What is being asked: Set down the listing below verbatim, but only from its first line through the line containing "2027 Chrysler Pacifica Limited AWD".

Data in this exercise:
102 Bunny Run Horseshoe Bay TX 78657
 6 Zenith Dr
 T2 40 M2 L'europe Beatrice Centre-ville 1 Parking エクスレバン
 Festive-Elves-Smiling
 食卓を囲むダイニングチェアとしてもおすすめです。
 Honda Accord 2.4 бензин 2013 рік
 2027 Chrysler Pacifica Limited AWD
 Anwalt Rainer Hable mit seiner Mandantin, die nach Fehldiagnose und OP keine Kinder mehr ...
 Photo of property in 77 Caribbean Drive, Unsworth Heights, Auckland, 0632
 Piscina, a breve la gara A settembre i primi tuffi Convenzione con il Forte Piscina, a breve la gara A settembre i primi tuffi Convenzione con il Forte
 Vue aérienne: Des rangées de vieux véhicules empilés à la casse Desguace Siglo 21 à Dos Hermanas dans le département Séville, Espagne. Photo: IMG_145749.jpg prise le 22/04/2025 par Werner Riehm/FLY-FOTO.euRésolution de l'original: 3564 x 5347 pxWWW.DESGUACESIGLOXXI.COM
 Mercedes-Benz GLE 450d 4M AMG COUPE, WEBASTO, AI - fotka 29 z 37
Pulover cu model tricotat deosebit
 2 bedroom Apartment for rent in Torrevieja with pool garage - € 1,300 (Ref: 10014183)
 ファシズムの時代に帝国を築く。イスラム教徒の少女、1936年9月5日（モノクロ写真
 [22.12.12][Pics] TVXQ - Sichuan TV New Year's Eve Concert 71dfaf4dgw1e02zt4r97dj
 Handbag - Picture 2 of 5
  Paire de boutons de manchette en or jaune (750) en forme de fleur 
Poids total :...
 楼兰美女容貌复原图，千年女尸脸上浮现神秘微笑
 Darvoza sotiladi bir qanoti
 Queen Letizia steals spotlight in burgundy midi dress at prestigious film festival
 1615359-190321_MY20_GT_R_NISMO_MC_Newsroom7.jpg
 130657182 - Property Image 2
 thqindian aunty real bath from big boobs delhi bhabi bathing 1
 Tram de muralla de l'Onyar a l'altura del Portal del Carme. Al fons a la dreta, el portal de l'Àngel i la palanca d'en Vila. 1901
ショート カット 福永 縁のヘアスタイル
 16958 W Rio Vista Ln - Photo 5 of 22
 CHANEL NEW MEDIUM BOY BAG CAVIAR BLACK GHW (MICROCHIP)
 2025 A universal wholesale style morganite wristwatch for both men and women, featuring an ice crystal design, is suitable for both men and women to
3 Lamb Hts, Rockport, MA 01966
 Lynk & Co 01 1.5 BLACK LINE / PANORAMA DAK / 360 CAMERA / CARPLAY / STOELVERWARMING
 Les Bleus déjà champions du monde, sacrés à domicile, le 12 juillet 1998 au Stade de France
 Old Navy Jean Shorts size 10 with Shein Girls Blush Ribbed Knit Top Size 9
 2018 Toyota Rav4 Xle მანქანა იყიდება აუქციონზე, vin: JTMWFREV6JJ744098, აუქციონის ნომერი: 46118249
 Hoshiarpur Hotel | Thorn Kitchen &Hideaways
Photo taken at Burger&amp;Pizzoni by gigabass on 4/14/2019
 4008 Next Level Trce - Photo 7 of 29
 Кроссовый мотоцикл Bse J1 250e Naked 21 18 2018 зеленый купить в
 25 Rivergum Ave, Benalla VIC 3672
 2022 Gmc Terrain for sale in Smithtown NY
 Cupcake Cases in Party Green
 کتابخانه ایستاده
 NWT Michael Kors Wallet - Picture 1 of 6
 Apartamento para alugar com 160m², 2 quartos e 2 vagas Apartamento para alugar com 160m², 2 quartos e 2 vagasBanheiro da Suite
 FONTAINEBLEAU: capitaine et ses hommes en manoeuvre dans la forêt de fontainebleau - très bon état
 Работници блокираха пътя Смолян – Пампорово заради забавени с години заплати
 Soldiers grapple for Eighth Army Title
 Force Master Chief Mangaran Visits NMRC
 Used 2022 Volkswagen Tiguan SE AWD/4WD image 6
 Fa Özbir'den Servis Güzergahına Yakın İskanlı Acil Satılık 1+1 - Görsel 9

Exercise solution:
102 Bunny Run Horseshoe Bay TX 78657
 6 Zenith Dr
 T2 40 M2 L'europe Beatrice Centre-ville 1 Parking エクスレバン
 Festive-Elves-Smiling
 食卓を囲むダイニングチェアとしてもおすすめです。
 Honda Accord 2.4 бензин 2013 рік
 2027 Chrysler Pacifica Limited AWD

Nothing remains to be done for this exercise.